The earlier draft proposed removing penal code provisions that prescribe stoning to death as a punishment for adultery. However, it would have still enabled judges to rely on religious sources, including Sharia and fatwas (religious edicts) by high-ranking Shia clerics, to sentence defendants they convicted of adultery to execution by stoning.
The amended draft penal code explicitly identifies stoning as a form of punishment for people convicted of adultery or sex outside of marriage. Under article 225, if a court and the head of the judiciary rule that it is “not possible” in a particular case to carry out the stoning, the person may be executed by another method if the authorities proved the crime on the basis of eyewitness testimony or the defendant’s confession.
The revised code also provides that courts that convict defendants of adultery based on the “knowledge of the judge,” a notoriously vague and subjective doctrine allowing conviction in the absence of any hard evidence, may impose corporal punishment sentences of 100 lashes rather than execution by stoning. The penalty for people convicted of fornication, or sex outside of marriage that involves an unmarried person, is 100 lashes.

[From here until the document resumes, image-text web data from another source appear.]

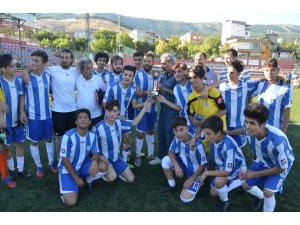 Amatör maçta gol yağmuru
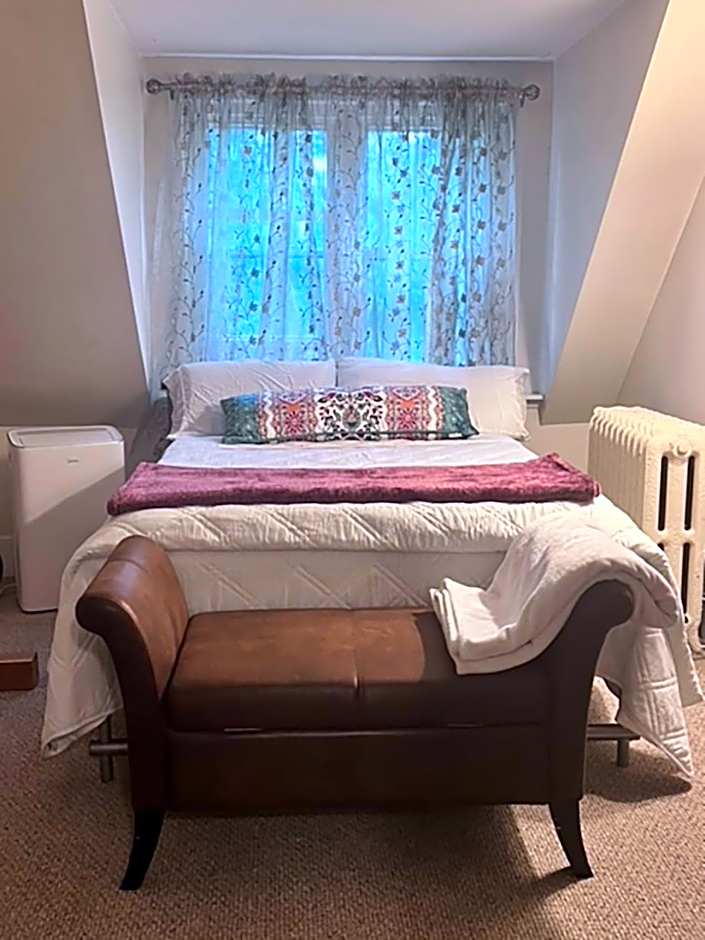 Niagara River Estate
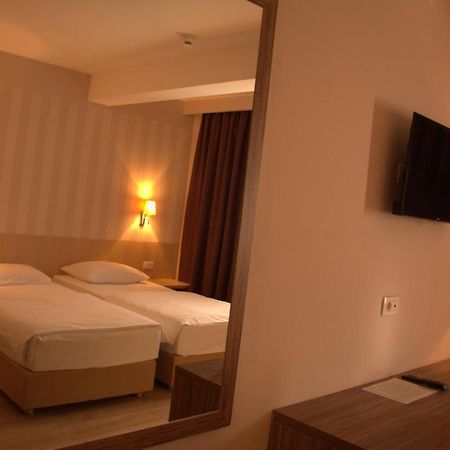 Wine Hotel Cesarica Medjugorje Ngoại thất bức ảnh
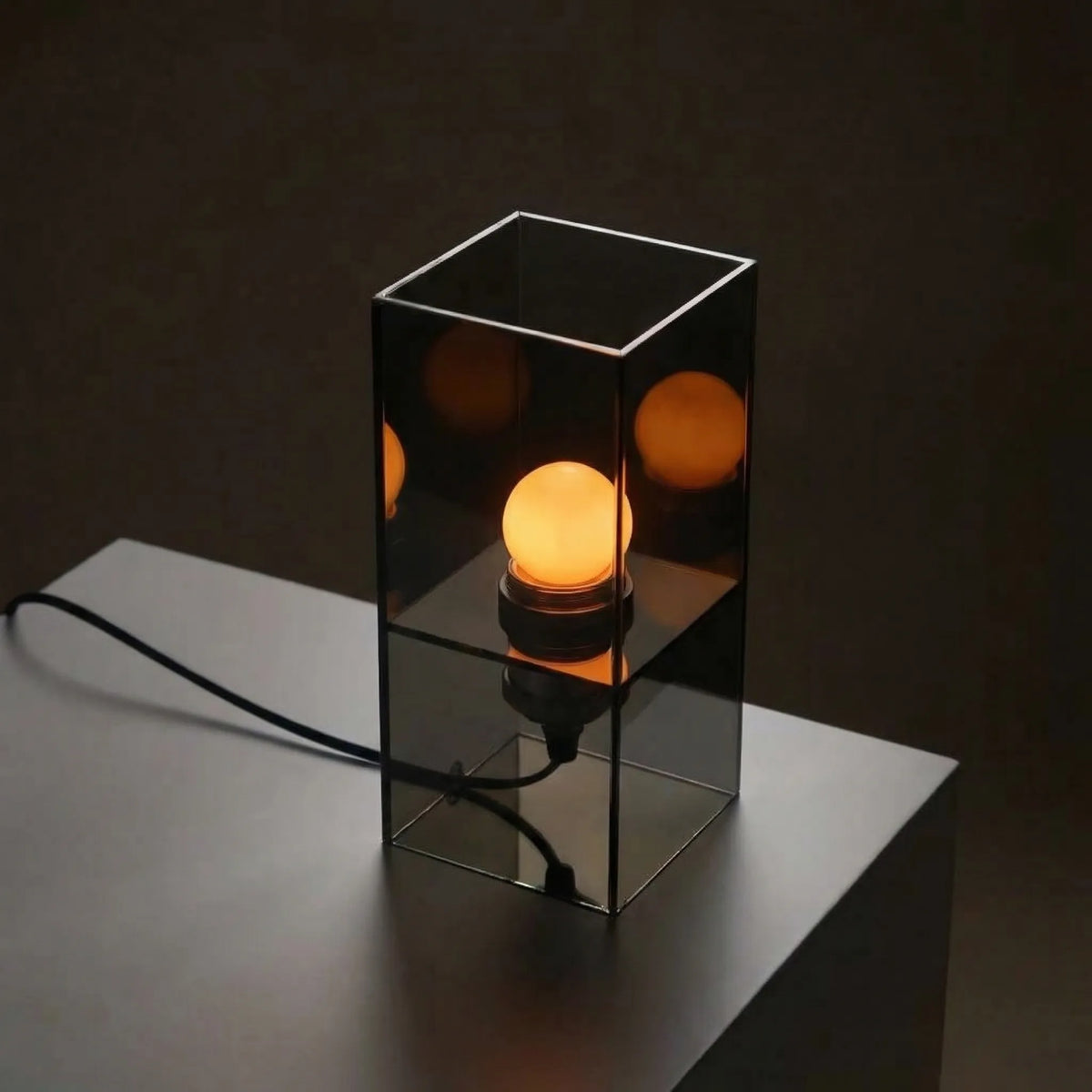 Guzzi Hourglass bordlampe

Human Rights Watch has previously called on the Iranian government to end the practice of stoning, and opposes the death penalty in all circumstances as an inherently cruel and unusual form of punishment that violates fundamental human rights.

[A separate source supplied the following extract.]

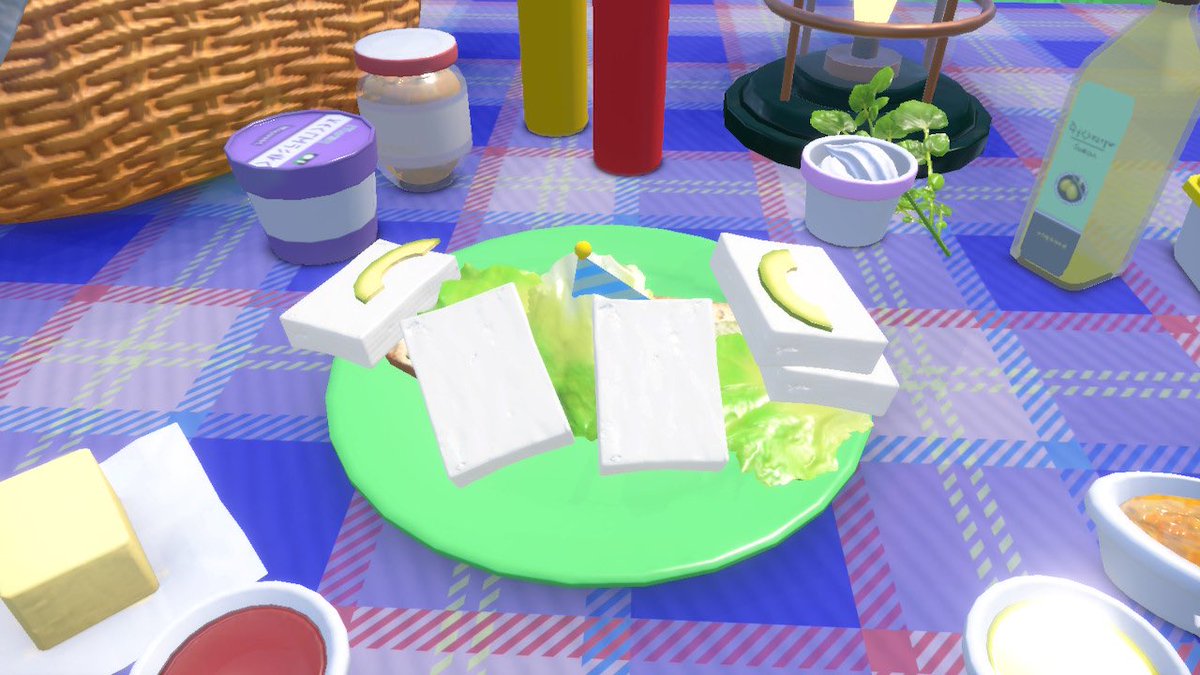 meg_h3's tweet photo. サンドウィッチが下手すぎる https://t.co/xXdwoS41MJ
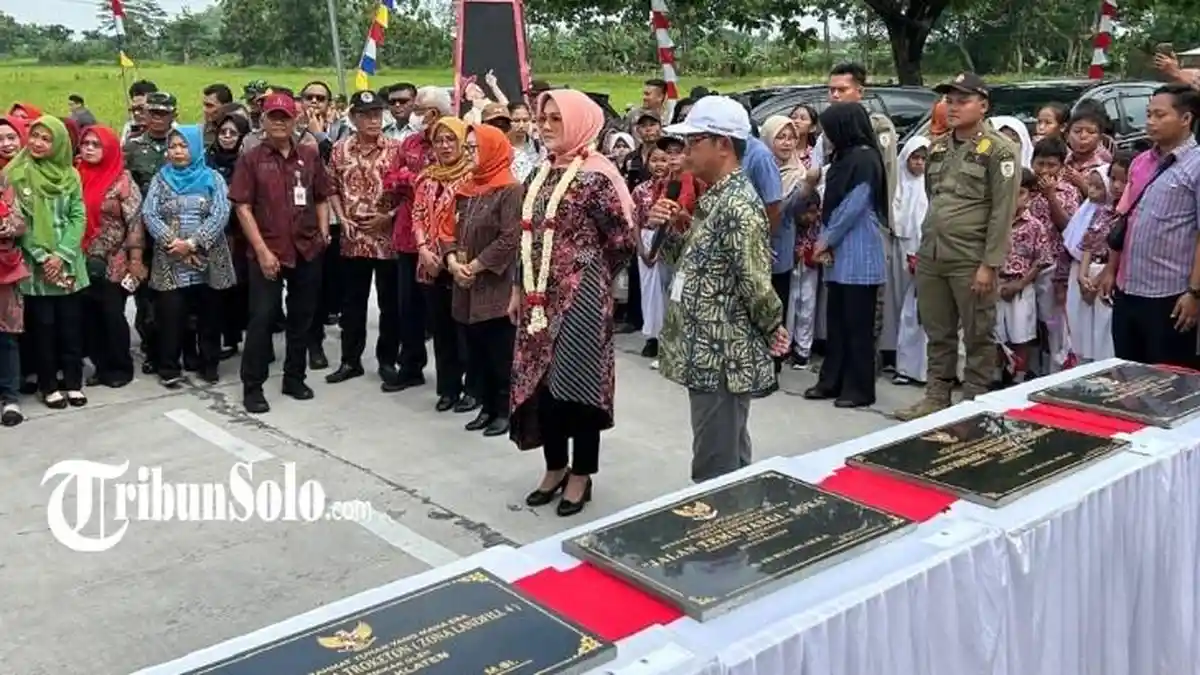 Bupati Klaten Sri Mulyani Resmikan Infrastruktur Jalan hingga Perluasan TPA Troketon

In 2012, Human Rights Watch issued a comprehensive report analyzing the previous version of the draft penal code which contained numerous provisions that would violate human rights and breach Iran’s obligations under international human rights treaties. Outside of the adultery and stoning provisions, those provisions remain virtually untouched in the latest draft penal code. Some of the most serious problems with the proposed amendments include:
Retention of the death penalty for child offenders, for crimes that are not considered serious under international law, and for activities that should not be crimes at all;
Failure to define clearly and set out in the code several crimes that carry serious punishments, including capital punishment;
Inclusion of broad or vaguely worded national-security-related laws criminalizing the exercise of fundamental rights;
Continued use of punishments that amount to torture or cruel, inhuman and degrading treatment or punishment, including stoning, flogging, and amputation; and
Retention of discriminatory provisions against women and religious minorities.
Iranian government officials have frequently maintained that the proposed changes to the penal code represent a significant improvement and address many of the rights concerns expressed by the international community.
“Regardless of what Iranian officials say, the new penal code will be an absolute disaster for human rights,” Whitson said. “It speaks volumes when a main issue among Iranian officials and jurists is whether people convicted of the ‘crime’ of adultery should be stoned to death or hanged.”